(Brief descriptive captions)
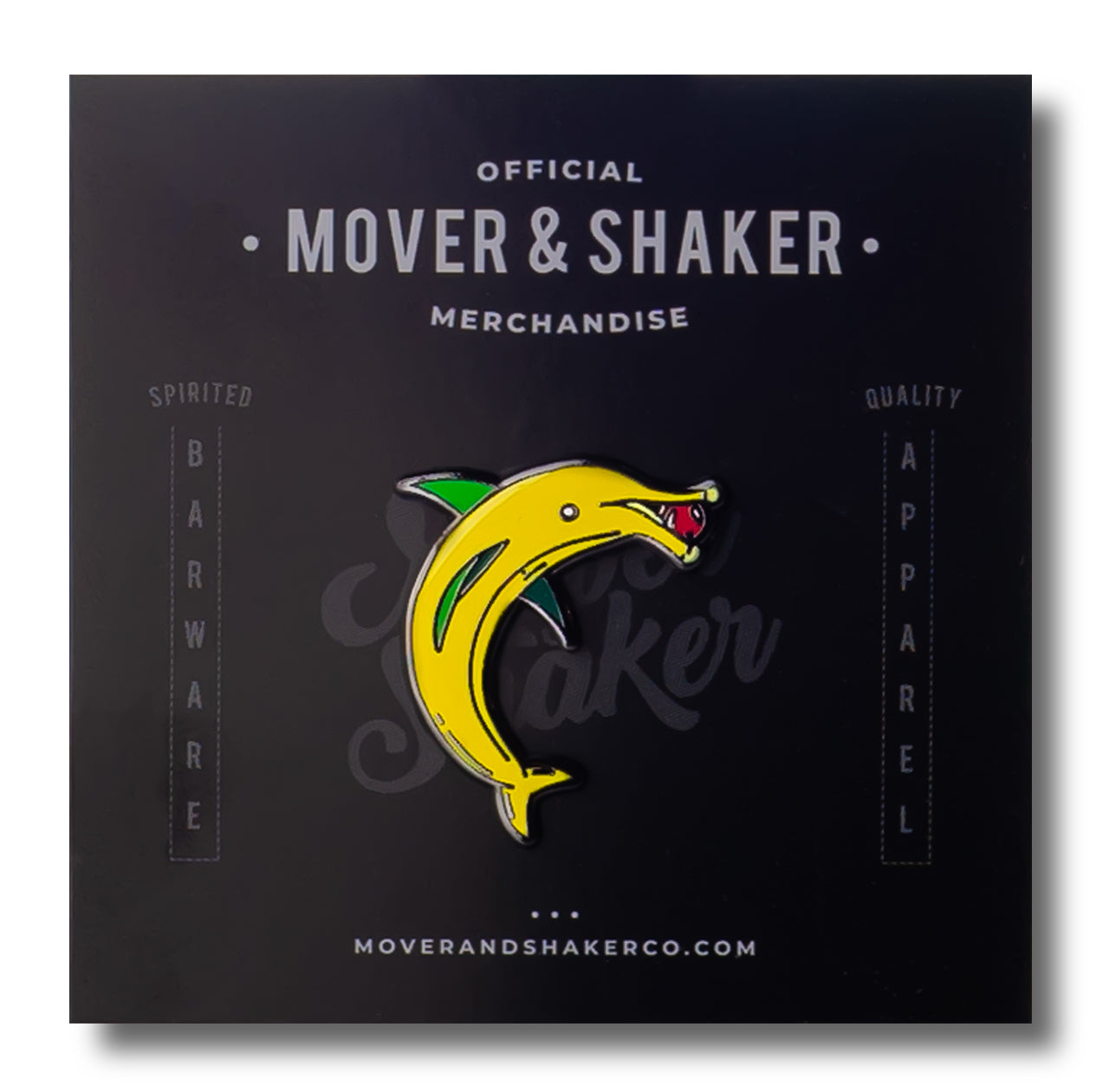 Banana Dolphin Pin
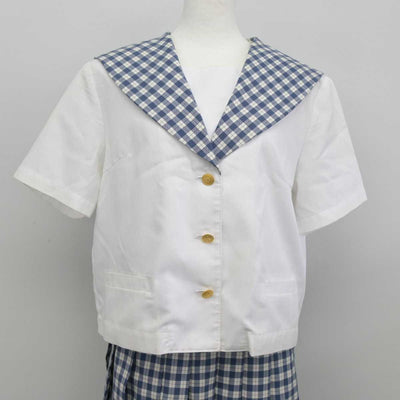 【中古】宮城県 聖和学園高等学校 女子制服 2点（セーラー服・スカート）sf039435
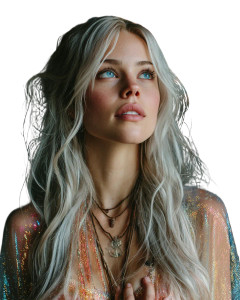 Cosmic Priestess Model Vinyl Car Decal Sticker – Waterproof & UV-Resistant 8"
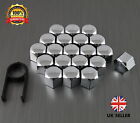 20 Car Bolts Alloy Wheel Nuts Covers 19mm Chrome For  Ford Focus MK2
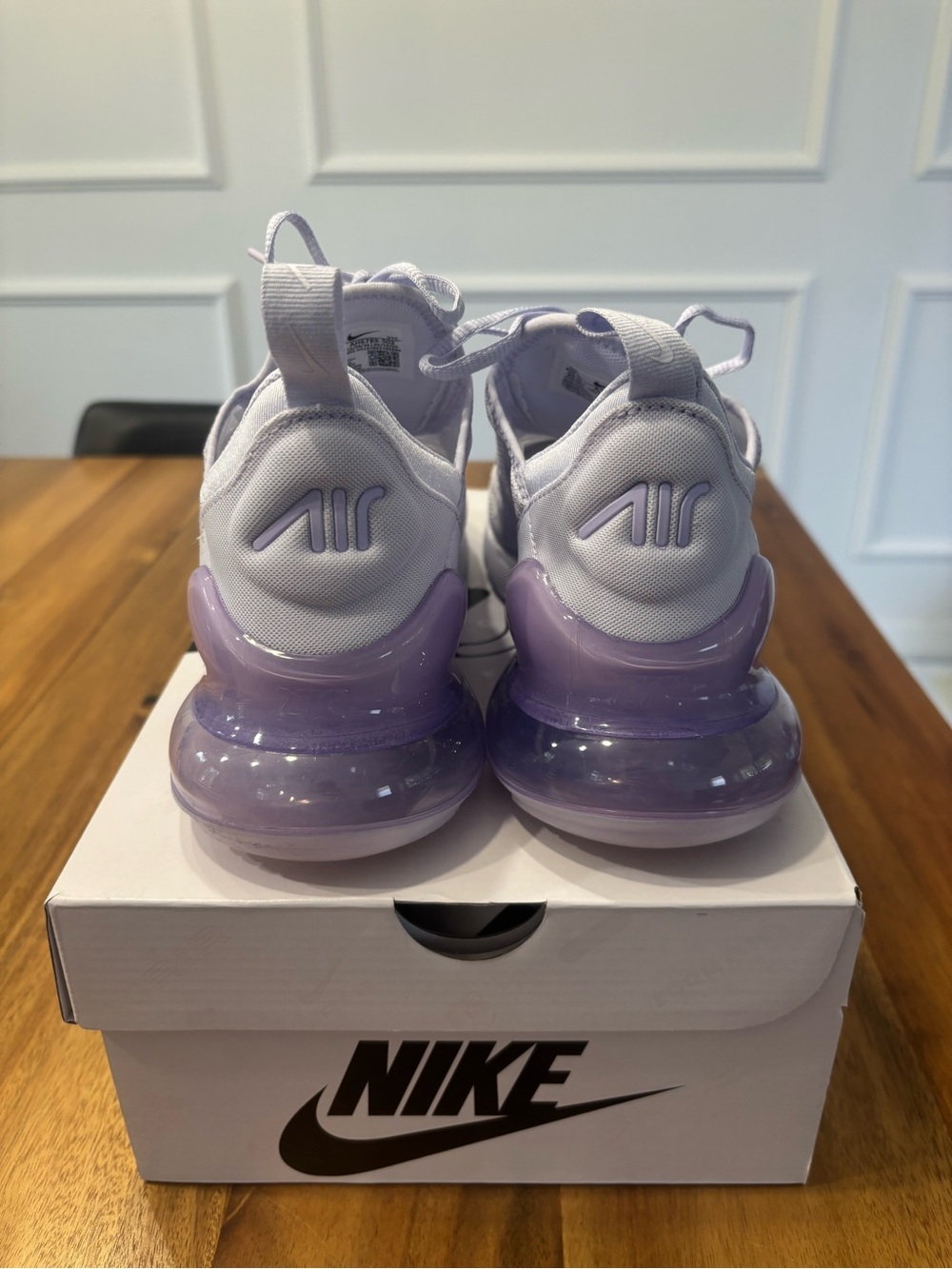 Nike Air Max 270 Amethyst Tint/White Casual Sneakers - Picture 4 of 6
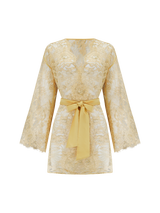 Coco de Mer Fiorella Robe in Gold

| What to do |
Reproduce all the entries above exactly. Include no images.

| Task result |
 Banana Dolphin Pin
 【中古】宮城県 聖和学園高等学校 女子制服 2点（セーラー服・スカート）sf039435
 Cosmic Priestess Model Vinyl Car Decal Sticker – Waterproof & UV-Resistant 8"
 20 Car Bolts Alloy Wheel Nuts Covers 19mm Chrome For  Ford Focus MK2
 Nike Air Max 270 Amethyst Tint/White Casual Sneakers - Picture 4 of 6
 Coco de Mer Fiorella Robe in Gold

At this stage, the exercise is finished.